If you park for 60 minutes or less you pay $0.
If you park for 61 to 120 minutes you’re charged $2.
That works out to a dollar an hour for the two-hour parkers. 26 spaces, times $1 an hour, times 16 hours a day that the store is open, times 365 days a year, is $151,840. That’s the maximum hypothetical revenue loss to the city.
Obviously the actual cost will be less than the hypothetical maximum. How much less, we don’t have sufficient data to determine with any certainty.
Bill, currently at this
Bill, currently at this moment, your first hour is free in that parking lot. So if I went today and parked for an hour or less, it would be free. So again, please explain?
By restricting prime spaces to non-paying one-hour parkers you potentially displace longer-term, paying parkers from the garage.
No I don’t understand. Maybe
No I don’t understand. Maybe you are missing the point that the city never has generated any revenue in that garage (in its history) for a car that has been parked there for an hour or less. You can’t lose what you never had.
Maybe you should be making the argument that the city should change its policy about one hour parking in city garages, because it’s missing potential revenue. That’s a whole different story and has nothing to do with Target.
Not a big deal – City isn’t going to enforce!
The lease says the city “will not manage or enforce the Parking Limit at the outset of this Lease” so feel free to park there.
since you’ve read the lease, you should also understand that the laissez faire conditions may not continue if Target concludes non-customers are pirating its spaces.
Again…another city pain-in-the-neck parking issue. I will shop on Howard st. for free….with plenty of spaces to choose from! The ongoing hassle to park in the downtown area isn’t worth the aggravation it causes.
Now that Target is moving in, are they going to do anything about the weed / BO smell that’s always in the elevators?

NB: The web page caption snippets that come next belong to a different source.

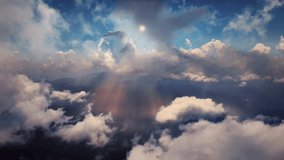 Flying through heavenly beautiful sunny cloudscape. Amazing timelapse of golden fluffy clouds moving softly on the sky and the sun shining above the clouds with beautiful rays and lens flare.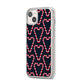 Candy Cane Pattern iPhone 14 Plus Clear Tough Case Starlight Angled Image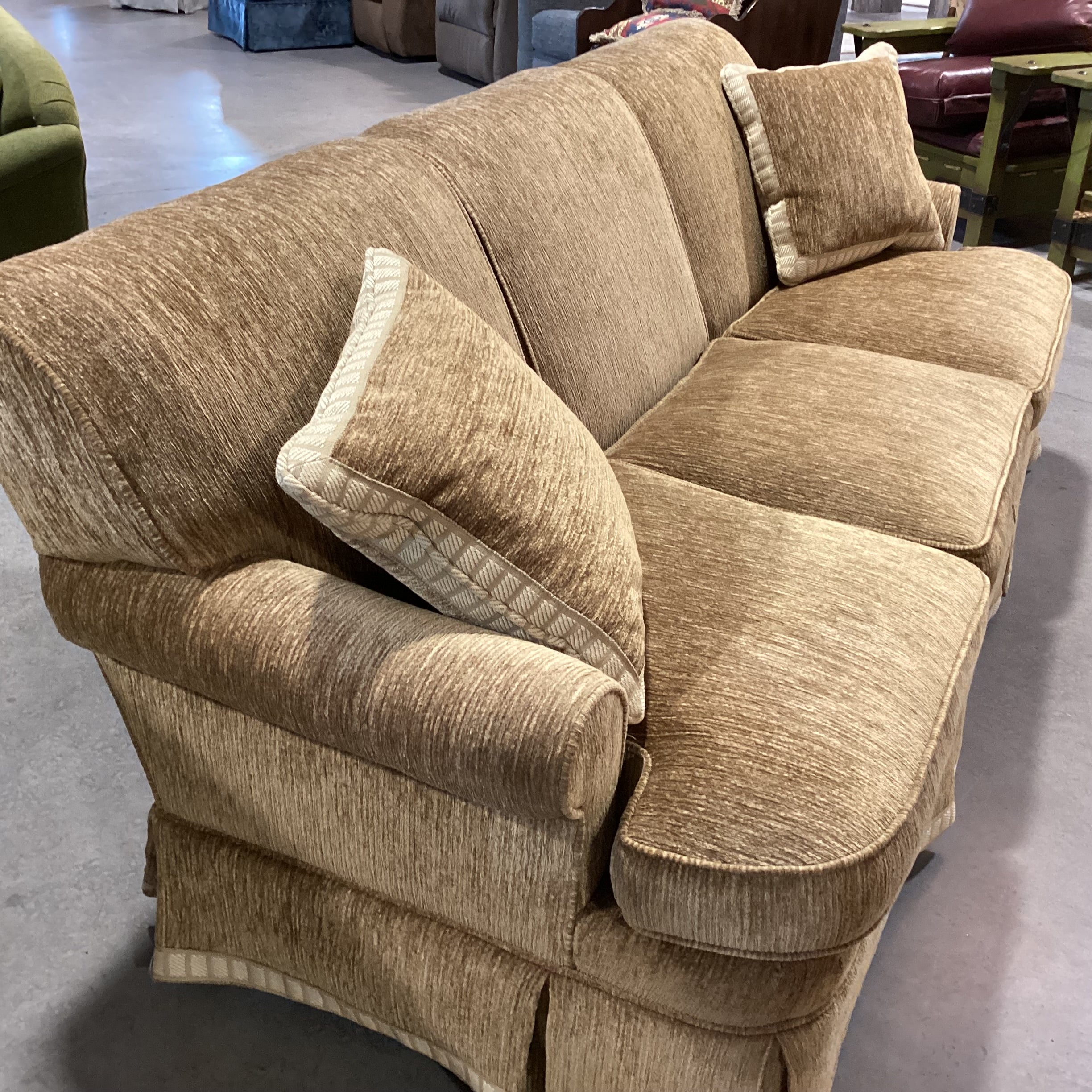 Custom Golden Moss Ribbed Texture Chenille Woven Sofa 86"x 38"x 35"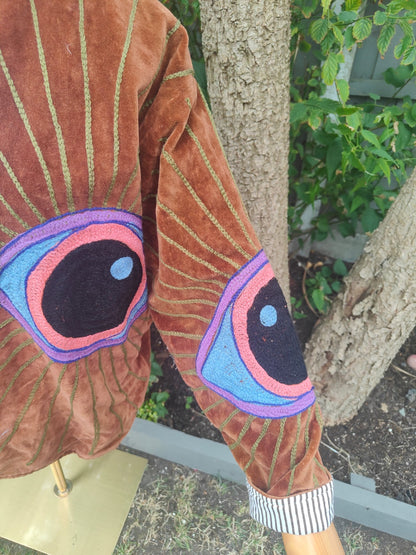 Wanderlust evil eye protection jacket - Brown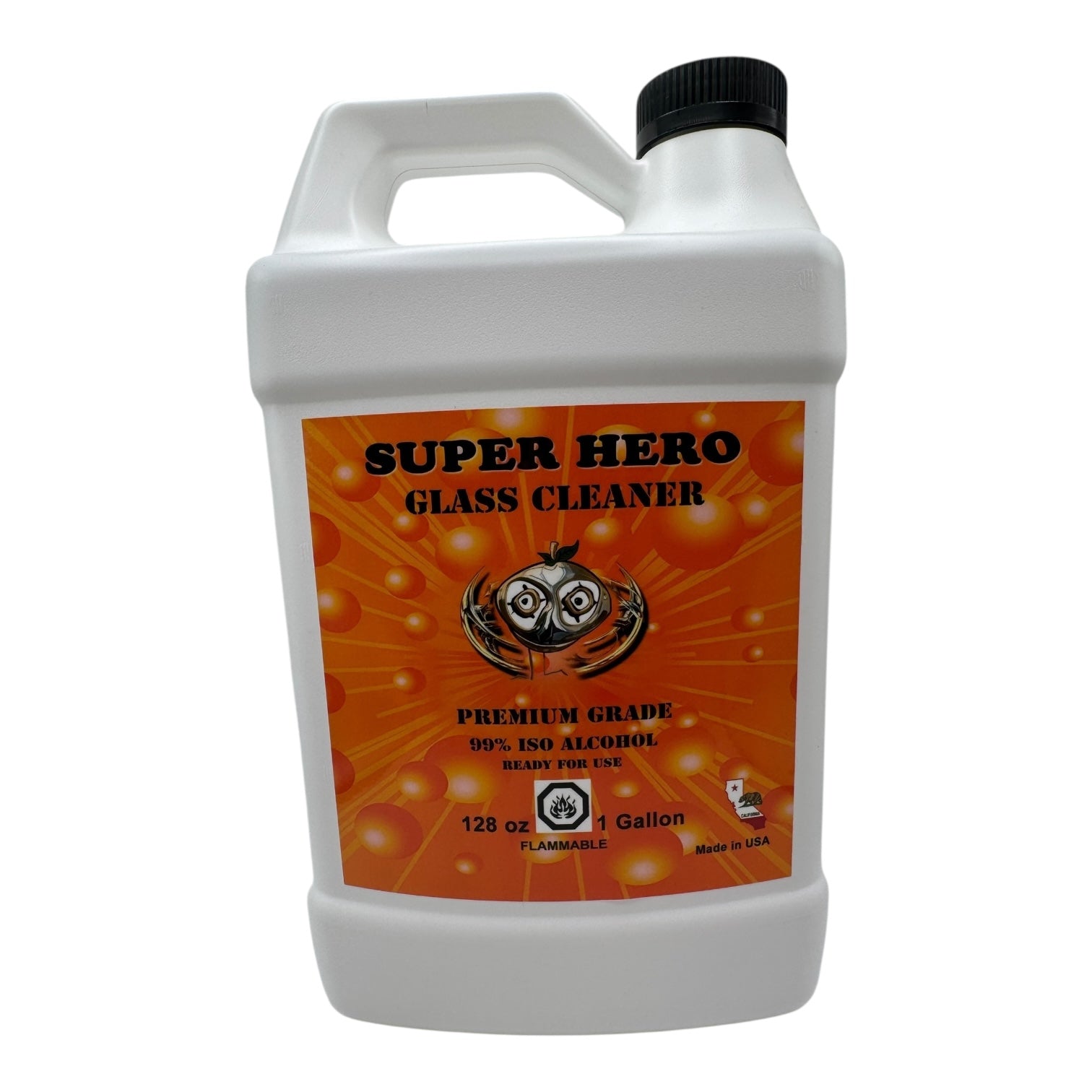 Orange Chronic Super Hero Glass Cleaner 99.9% ISO Alcohol 128oz Bottle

I use this garage daily, and
I use this garage daily, and it is already at capacity during peak hours. It can take 10 minutes to just leave the garage when others are trying to do so. Wonder how this will impact my daily life.
How is it not full?
I am an Evanston resident with a monthly parking pass for the garage for work. It’s perhaps “technically” not full in that there are a handful of spaces open, but between the condo residents and the monthly parkers, I have to reach nearly the top level every morning to find a space. And as noted, the backups to enter and leave the garage are growing, particularly with the new card readers they installed. I can’t imagine people parking for this Target – I thought it was for the Northwestern students and all the car-free condo owners who are supposed to value public transit?